**Work instruction**
Only the lines below from the one containing "View GMC Savana Cutaway details" through the one containing "Charming townhouse with" belong in the answer, repeated exactly and without pictures.

**Extracted material**
* * * * * * * * *

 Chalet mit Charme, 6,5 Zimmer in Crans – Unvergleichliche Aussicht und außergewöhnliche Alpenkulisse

* * * * * * * * *

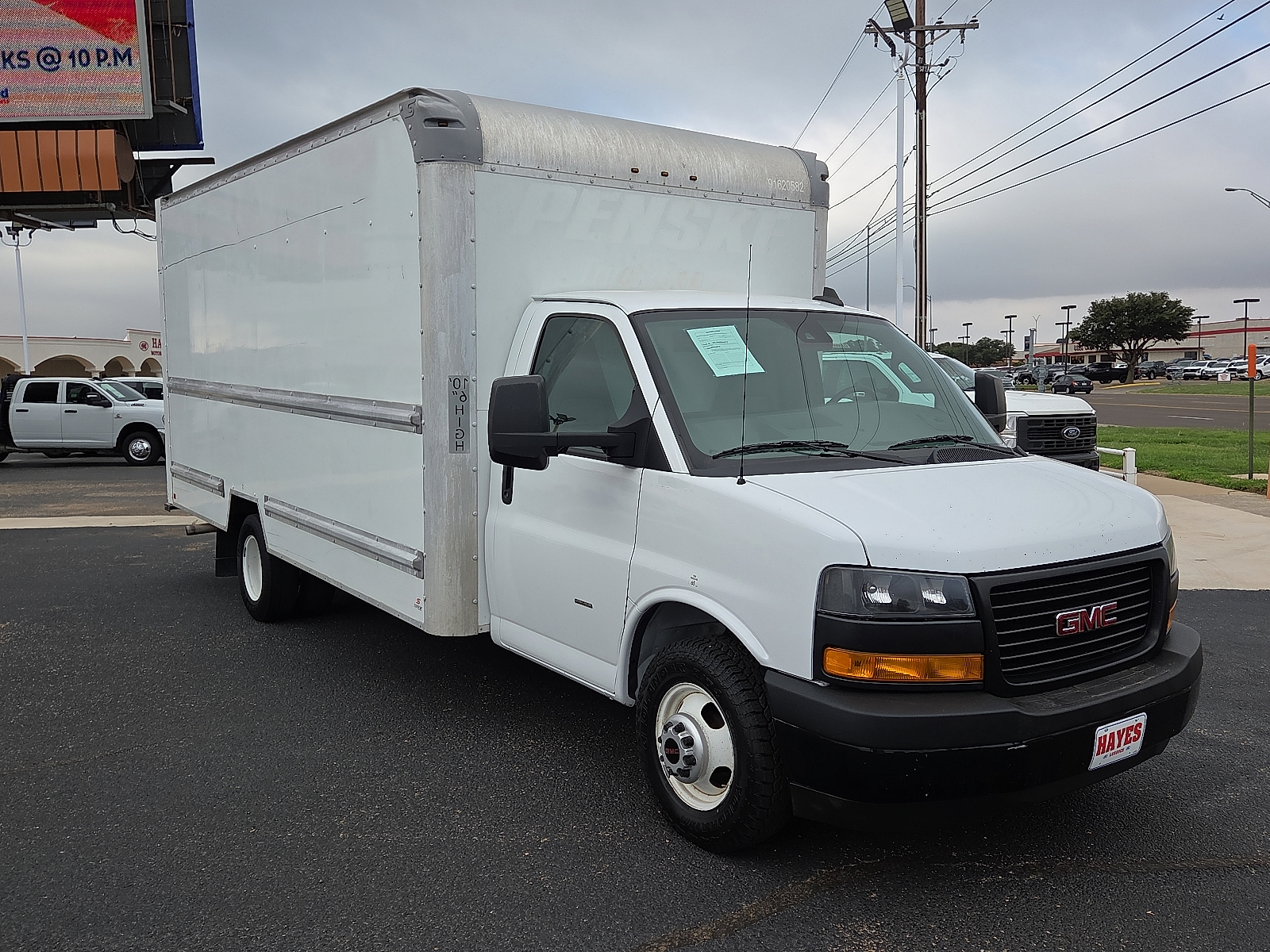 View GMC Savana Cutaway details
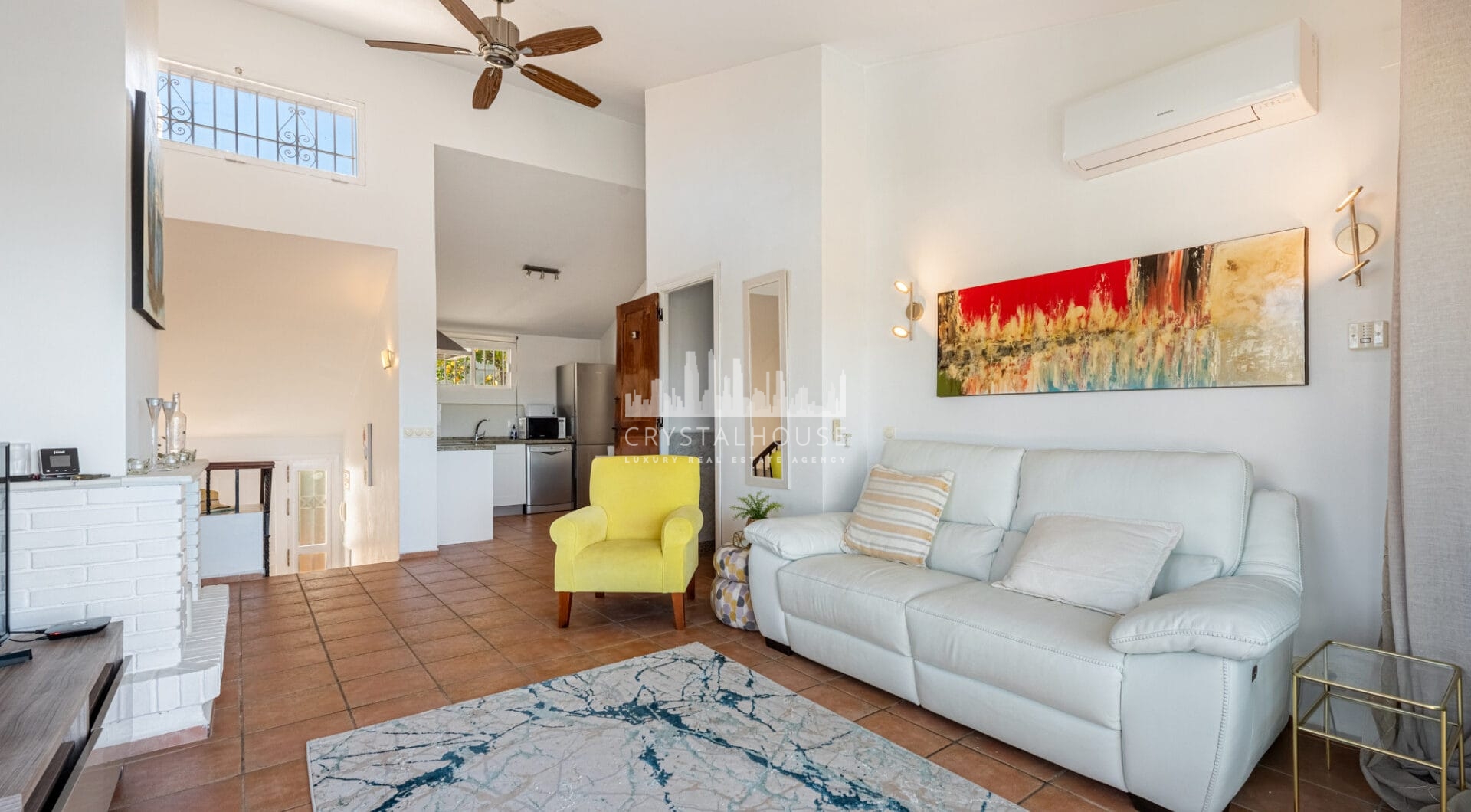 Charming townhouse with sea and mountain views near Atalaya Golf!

* * * * * * * * *

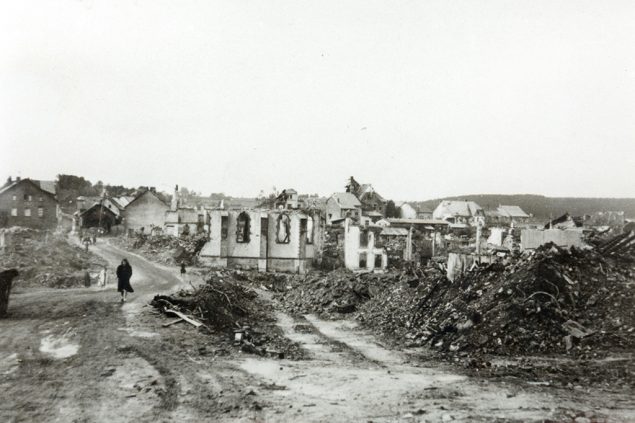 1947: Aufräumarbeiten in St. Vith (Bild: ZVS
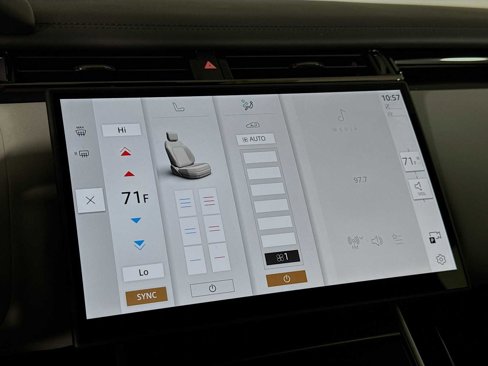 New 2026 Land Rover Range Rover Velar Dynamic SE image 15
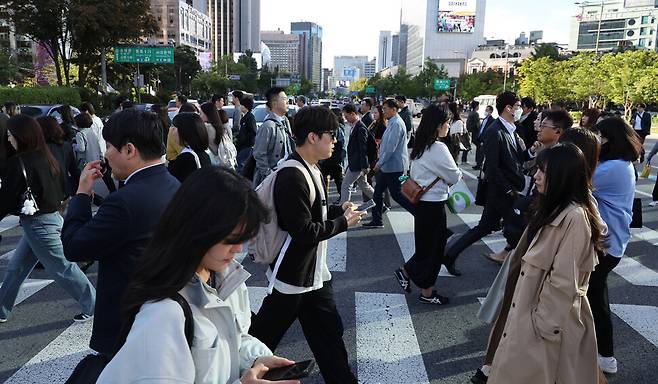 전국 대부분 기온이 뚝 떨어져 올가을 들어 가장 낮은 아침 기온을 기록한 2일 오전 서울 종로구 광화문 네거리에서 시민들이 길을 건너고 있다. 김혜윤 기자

* * * * * * * * *

**Task solution**
 View GMC Savana Cutaway details
 Charming townhouse with sea and mountain views near Atalaya Golf!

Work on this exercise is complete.